HMS Phoenix, Roebuck and Tartar, accompanied by two smaller vessels, forcing their way through a cheval-de-frise on the Hudson River with the Forts Washington and Lee and several batteries on both sides. The painting is a copy by Thomas Mitchell after the original rendering of the subject, a scene from the American Revolutionary War, by Dominic Serres the Elder.

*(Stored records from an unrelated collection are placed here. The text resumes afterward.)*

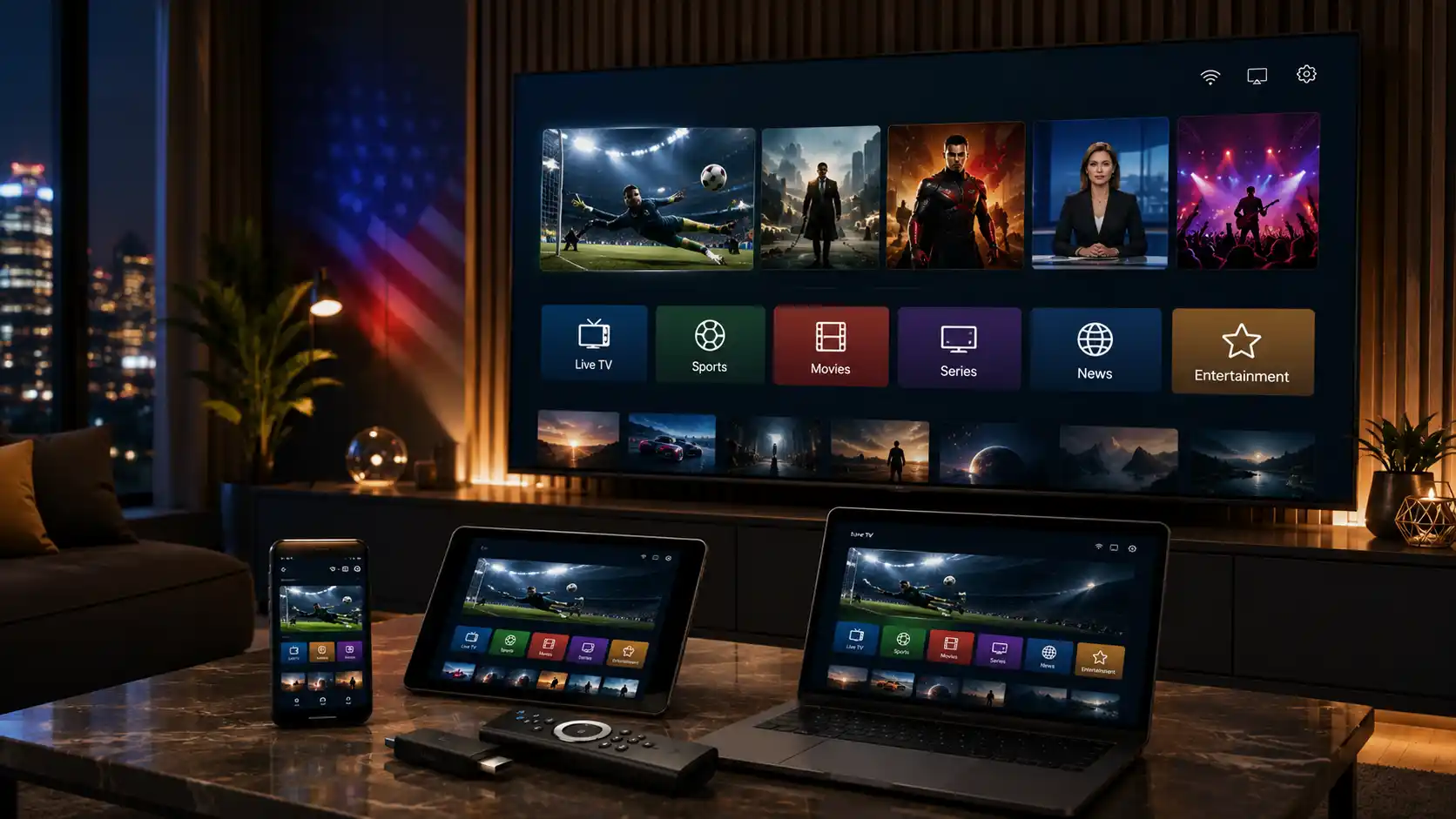 IPTV USA guide for reliable streaming on Firestick, Smart TV, mobile, tablet and laptop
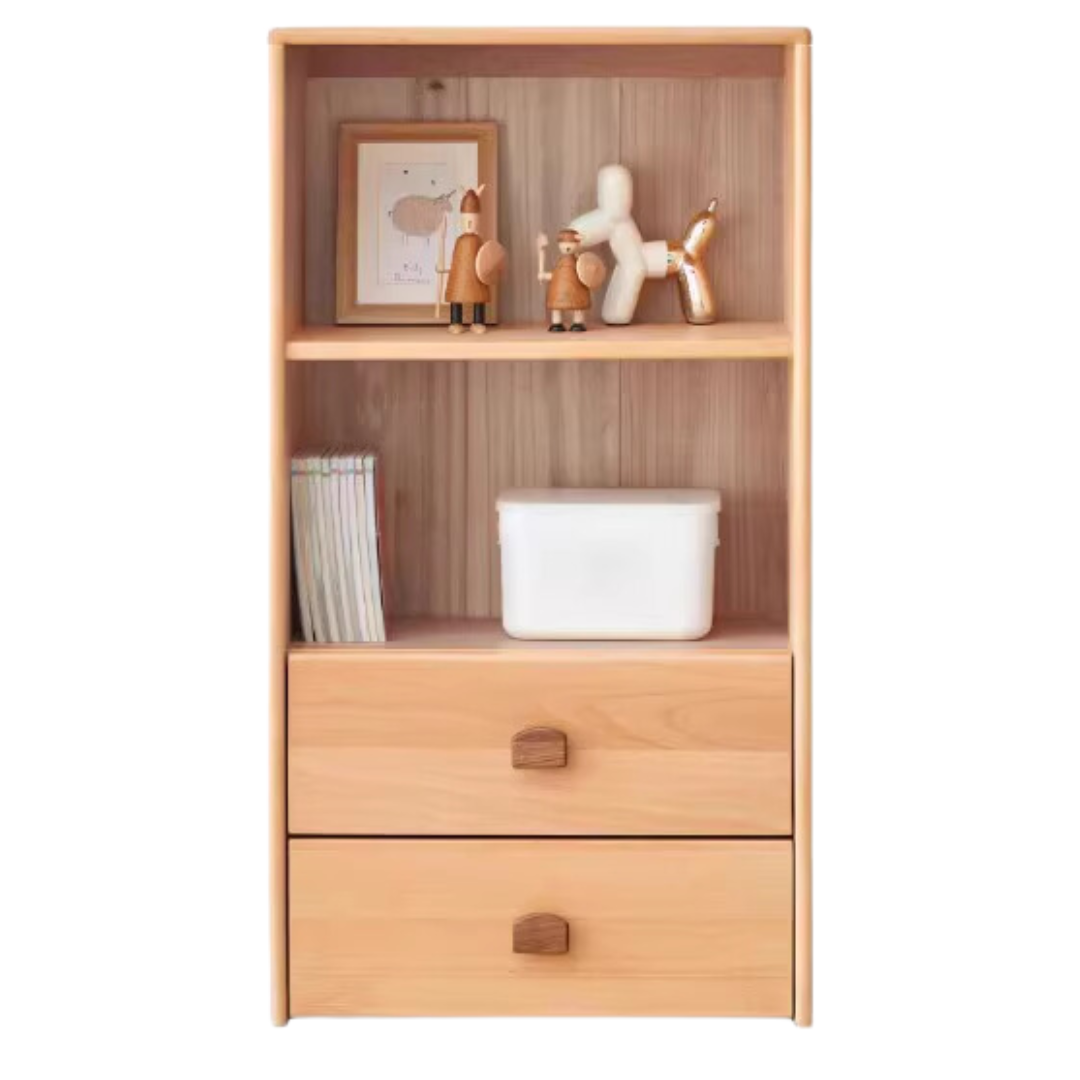 Beech solid wood combination Bookshelf, Cabinet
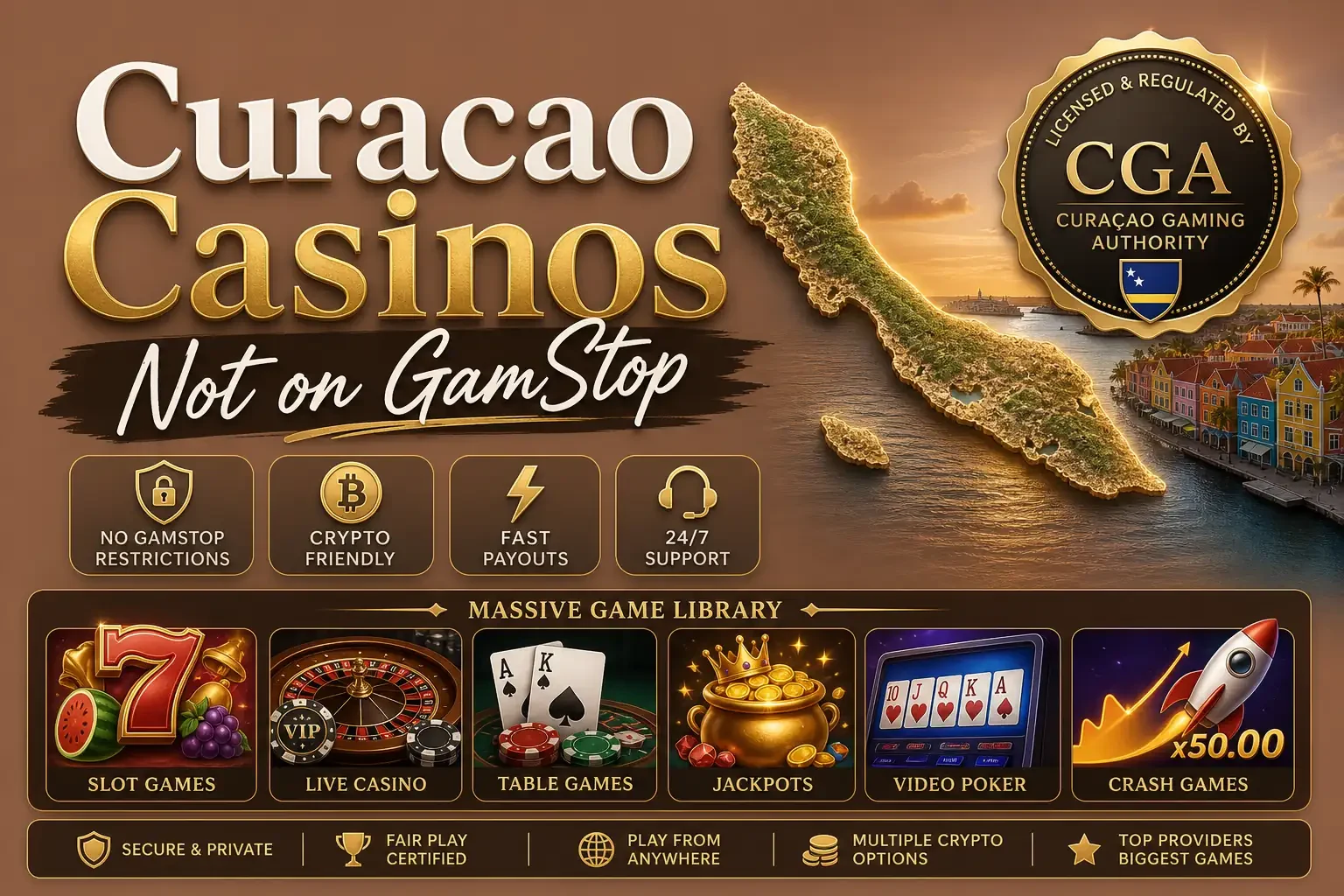 Curacao Gaming Authority licensing for casinos not on GamStop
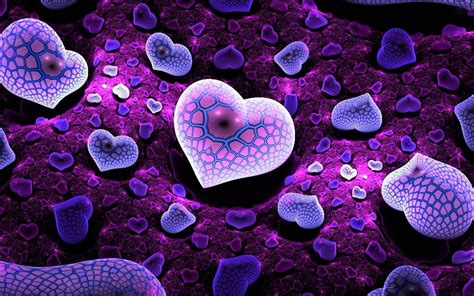 🔥 Download 3d Purple Hearts Background Wallpaper Cool Pc by @mreilly ...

On November 16, 1776 Fort Washington fell with most of its garrison captured. This was a major blow to the American cause as it rendered Fort Lee rather defenseless.    Three days later on the 19th of November, Washington evacuates Fort Lee as the British land roughly 5,000 troops nearby.  And so begins the famous chase across New Jersey.  We will see how that ends!
I showed up to Fort Lee Historic Park and met with other members of the 5th New York.  We ran into many friends that day from the other Regiments, some even as far away as Rhode Island!  We were there, the 2nd NY, the 3rd New Jersey, the RI boys, the 4th Battalion NJ Volunteers, I want to say the 22nd Regiment  Of foot?  Buff facings on red coats.  I also want to say Butler’s rangers as well as a handful of other Loyalists. There were also a few members of what looked like the 23rd Welch Fusiliers and even some Hessians!  Always a pleasure to see the Hessians.   

Photo by Gary Vorwald

We talked with the public all day and did musket firing demonstrations and drills. A beautiful museum complemented the grounds.  Inside the visitor’s center were demonstrations and tables set up representing all walks of life during the revolutionary war.  Even George Washington’s map makers were there showing their skills in fine form.  Lamb’s Artillery was on hand and fired a 3 pounder, an 8 inch mortar, an 18 pounder, and 32 pounder cannons!   It was an excellent demonstration.  Mott’s Artillery repeated the firing the next day.  It is always a good show by the artilleryman.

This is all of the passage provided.